Reference #5: Centers for Disease Control and Prevention (CDC), Interim Infection Prevention and Control Recommendations for Healthcare Personnel During the Coronavirus Disease 2019 (COVID-19) Pandemic, https://www.cdc.gov/coronavirus/2019-ncov/hcp/infection-control-recommendations.html, updated November 4, 2020 states, "... Collection of Diagnostic Respiratory Specimens... When collecting diagnostic respiratory specimens (e.g., nasopharyngeal or nasal swab) from a patient with possible SARS-CoV-2 infection, the following should occur... Specimen collection should be performed in a normal examination room with the door closed. HCP in the room should wear an N95 or equivalent or higher-level respirator (or facemask if a respirator is not available), eye protection, gloves, and a gown."

1. During a tour of the facility at 11:10 AM, staff members were observed going in and out of the Gymnasium. Upon interview, Staff #1 stated that the gym was "set up for COVID testing for staff."

a. Staff #15 was performing COVID testing in an open gymnasium and not in an examination room with a closed door, as indicated in CDC guidelines.

2. During a tour of the Adult Psychiatric and Addiction Unit (APA) on 11/12/13 at 12:05 PM, the following was observed:

a. Staff #23 was performing a COVID test on a patient in a small room. Staff #23 was not wearing a gown.

b. Upon interview on 11/13/20 at 12:05 PM, Staff #23 stated, "I know we are supposed to wear gowns but we don't always have them. We don't have a designated COVID testing area so we test anywhere. Some nurses will test in the hallway."

c. Upon interview on 11/12/13 at 2:40 PM, Staff #2 stated that staff are required to wear full PPE (N95 mask, eye protection, gloves, and gown) when performing COVID testing. A request was made to Staff #2 for the facility's policy or protocol for PPE requirements when performing COVID testing. Staff #2 confirmed that the facility did not have a written policy.

3. Staff #1, Staff #2, and Staff #27 confirmed the above findings on 11/13/20 at 5:00 PM.

B. Based on observation, staff interviews, and review of facility policy and procedure, it was determined that the facility failed to ensure that acceptable standards of practice for patients on transmission based precautions, are implemented.

Findings include:

Reference: Facility policy, "Isolation Guidelines - Infection Prevention Guidelines" states, "... Transmission Based Precautions... Prior to visitors entering the patient's room there should be a notice requesting all visitors to see a member of the nursing staff before entering. ... ."

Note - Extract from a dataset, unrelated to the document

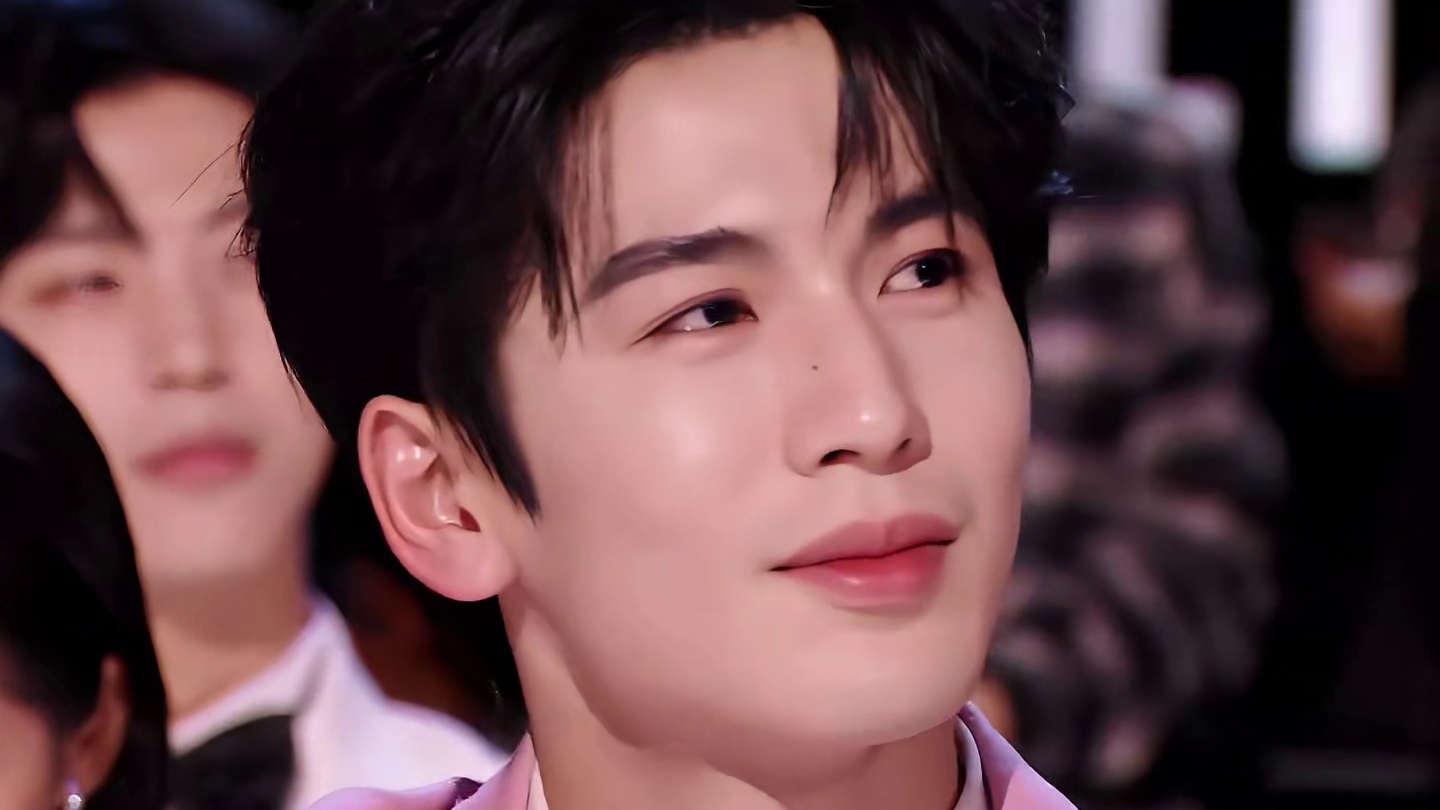 这个星光大赏导播让我眼前一亮又一亮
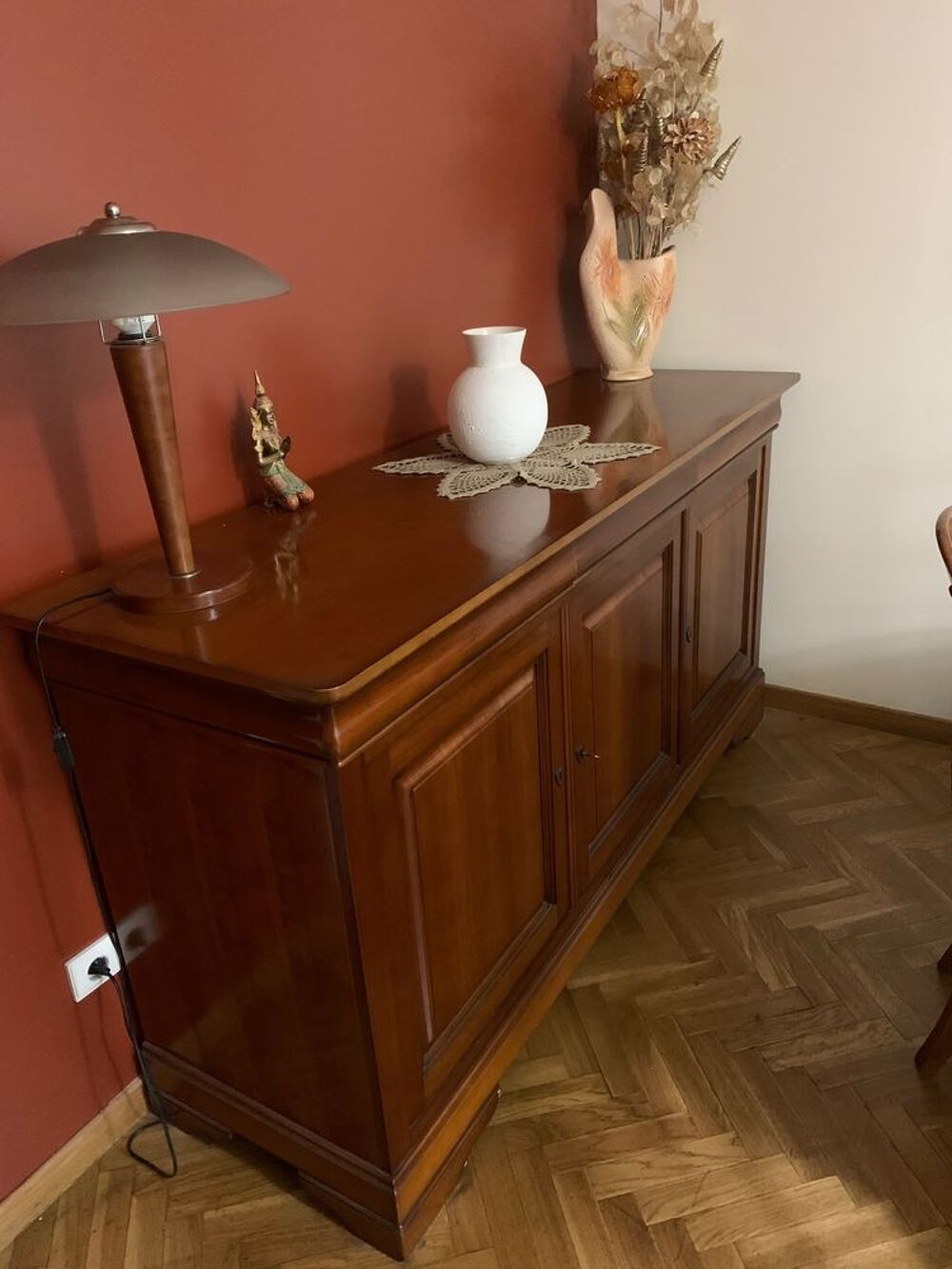 Ensemble table + 4 chaises + buffet en merisier Meubles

1. During a tour of the Older Adult Unit (OAU) on 11/12/20 at 11:35 AM, the following was indicated:

a. Staff #1 stated that three (3) of the four (4) patients on the unit were discovered to be COVID positive the morning of 11/12/20. The patients identified as COVID positive were in Rooms #804, #806, and #808.

b. A tour of the OAU unit revealed that there were no isolation signs posted outside of Rooms #804, #806, or #808, indicating the patients in the rooms were on transmission-based precautions.

c. Upon interview at 12:06 PM, Staff #1 stated that isolation signs are not generally used because once the patients are identified as COVID positive, they are transferred out to a medical facility. He/she stated, "Once we identify them as positive, they are not usually here that long."

2. During a tour of the Intensive Therapy Unit (ITU) on 11/12/20 at 12:07 PM, the following was indicated:

a. Staff #20 indicated that the patient in Room #206 was COVID positive. There was no isolation sign posted outside of Room #206 indicating that the patient was on transmission-based precautions.

3. Staff #1, Staff #2, and Staff #27 confirmed the above findings on 11/13/20 at 5:00 PM.

4. On 11/13/20, Staff #1, Staff #2, and Staff #27 were notified that the above findings resulted in an Immediate Jeopardy (IJ). A copy of the completed IJ template was provided to the facility at 5:35 PM.